Wednesday, May 16th, 2018

What’s the most interesting thing you’ve learned from personality psychology?” Tyler Cowen asks Bryan Caplan:

At least one thing that might be a good answer is that cheerfulness loads on extroversion.

There’s something actually very social about happiness. When you read this, it makes so much sense — how little of happiness seems to be about material possessions and how much of it is about having good relationships with other people.

You can think about animals. When I read you something about animals, the animals that laugh, they’re all social animals. Dogs laugh, chimpanzees laugh, humans laugh. You never hear about a tiger laughing, these very asocial animals. At least that’s one that I often do think about, is this connection between social interaction and being happy.

Comments

  1. Kirk says:

    You don’t hear about a tiger laughing…? Hmmm.

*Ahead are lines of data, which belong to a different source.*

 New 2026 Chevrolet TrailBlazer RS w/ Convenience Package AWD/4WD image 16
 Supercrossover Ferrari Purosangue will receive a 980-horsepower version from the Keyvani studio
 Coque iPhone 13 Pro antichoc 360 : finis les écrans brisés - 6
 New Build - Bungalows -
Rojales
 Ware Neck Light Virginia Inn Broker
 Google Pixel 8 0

    I don’t think the person who wrote this knows squat about animal behavior, because I’ve talked to folks who train and handle the big cats, and the one thing they all mentioned is that all of them have senses of humor. Hell, look at YouTube for examples of where the cats are playing games and pouncing on each other, stalking, and all of that sort of thing.

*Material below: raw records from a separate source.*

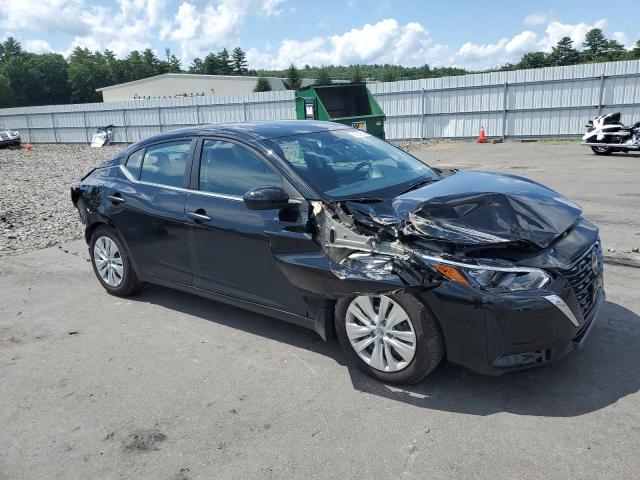Photo 4 from auction – 2024 NISSAN SENTRA S with VIN 3N1AB8BV7RY291902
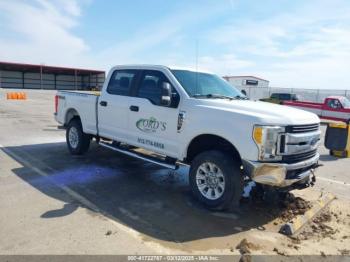  Salvage Ford F-250
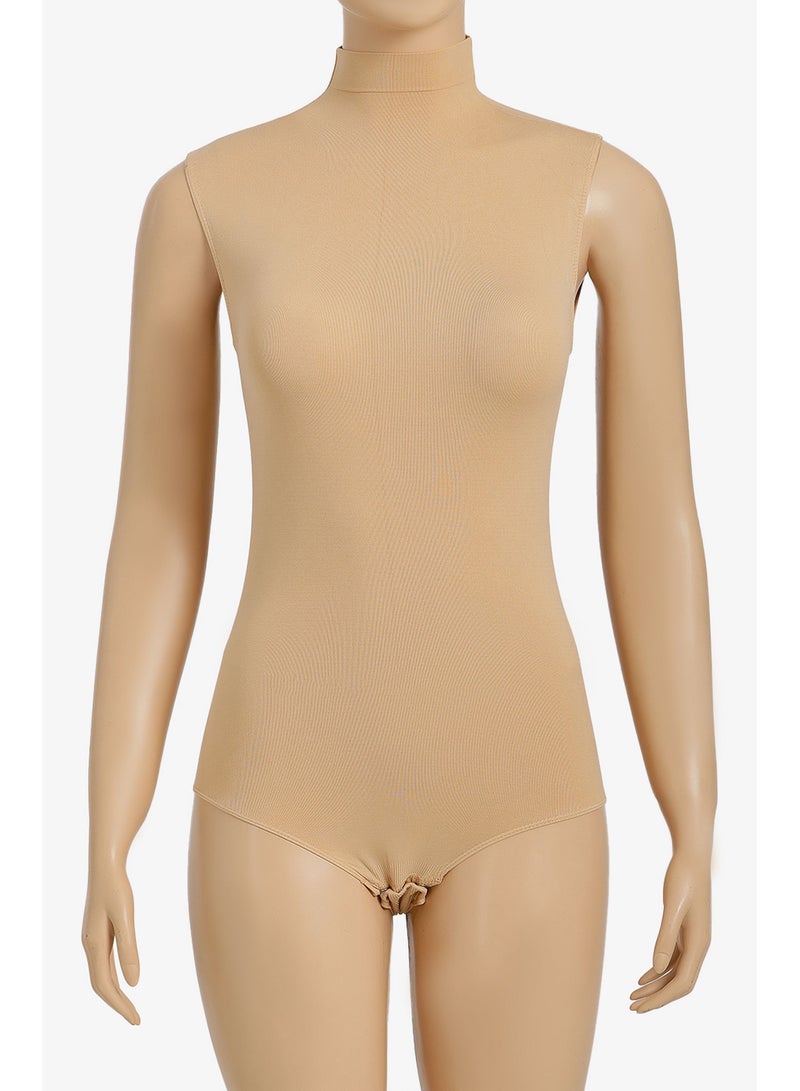 Carina High Neck Bodysuit - Image 2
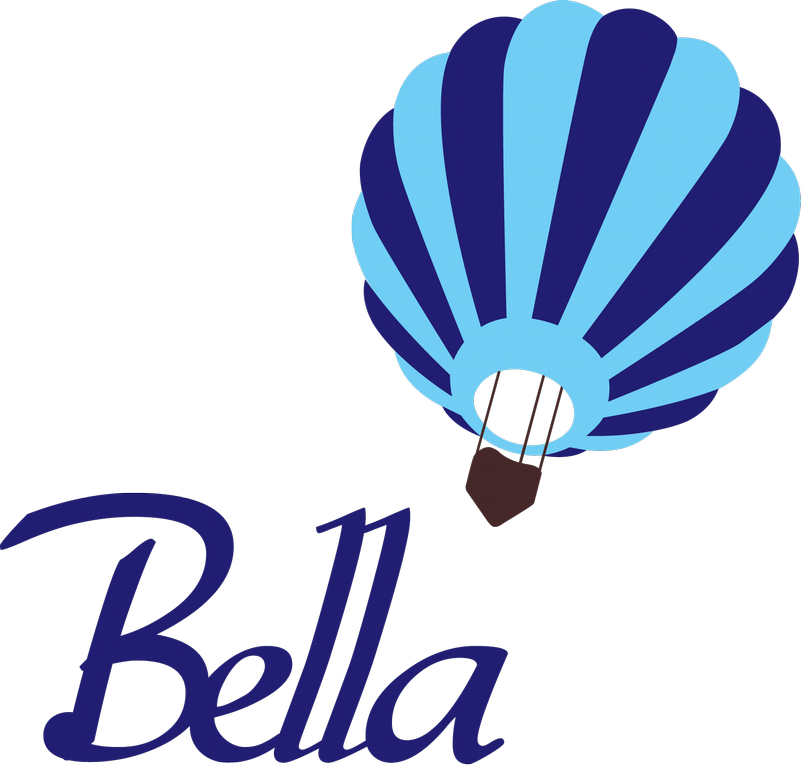 Balloon Company - Hot Air Balloon (804x768), Png Download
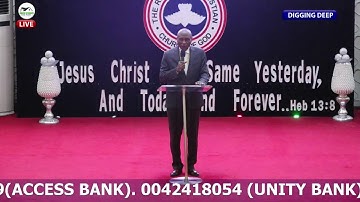 TUESDAY DIGGING DEEP - 19TH JANUARY, 2021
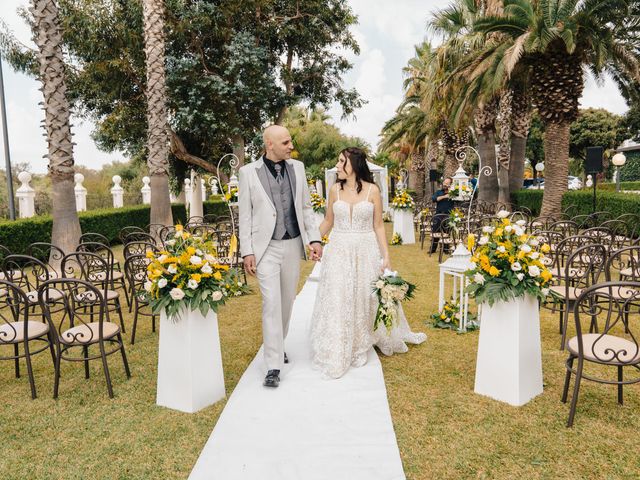 Il matrimonio di Lucia e Salvatore a Santa Maria di Licodia, Catania 16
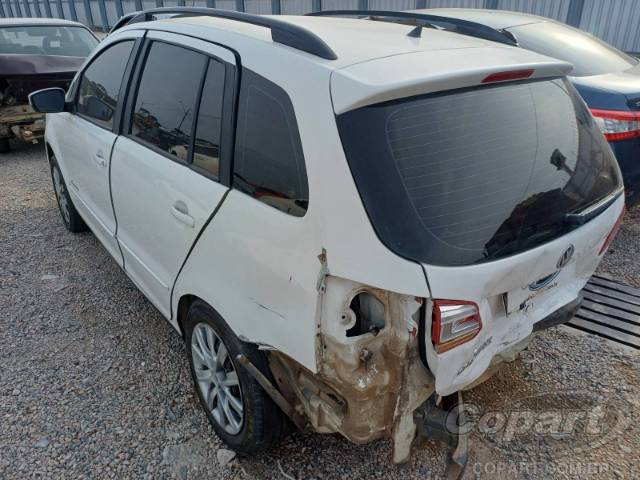 2016 VOLKSWAGEN SPACEFOX 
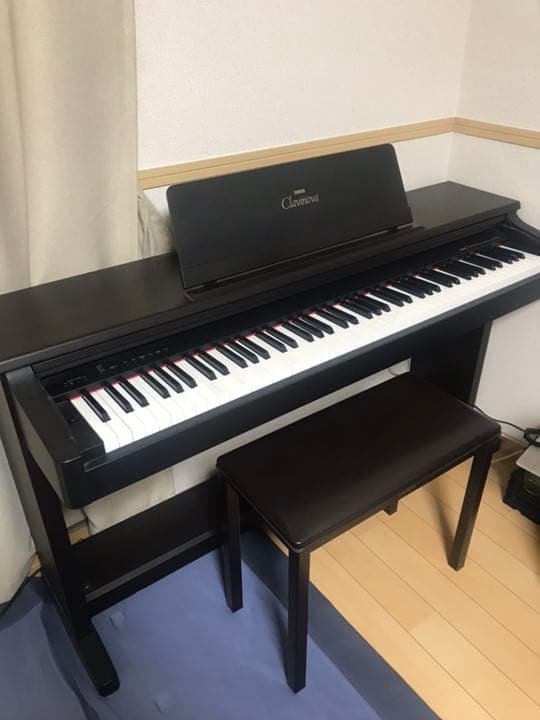 いおり様専用！YAMAHA電子ピアノClavinova CLP-122 - メルカリ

    Most animals that raise their young for any length of time have socialization skills and a capacity that has to be described as “senses of humor”, or they’d eat their young about the first time that tiger cub stalks and “kills” their mother’s tail-tip.

    The authors other points are probably relatively accurate, but when you find an example of something so specious and ill-researched, you start to question the validity of everything else they write.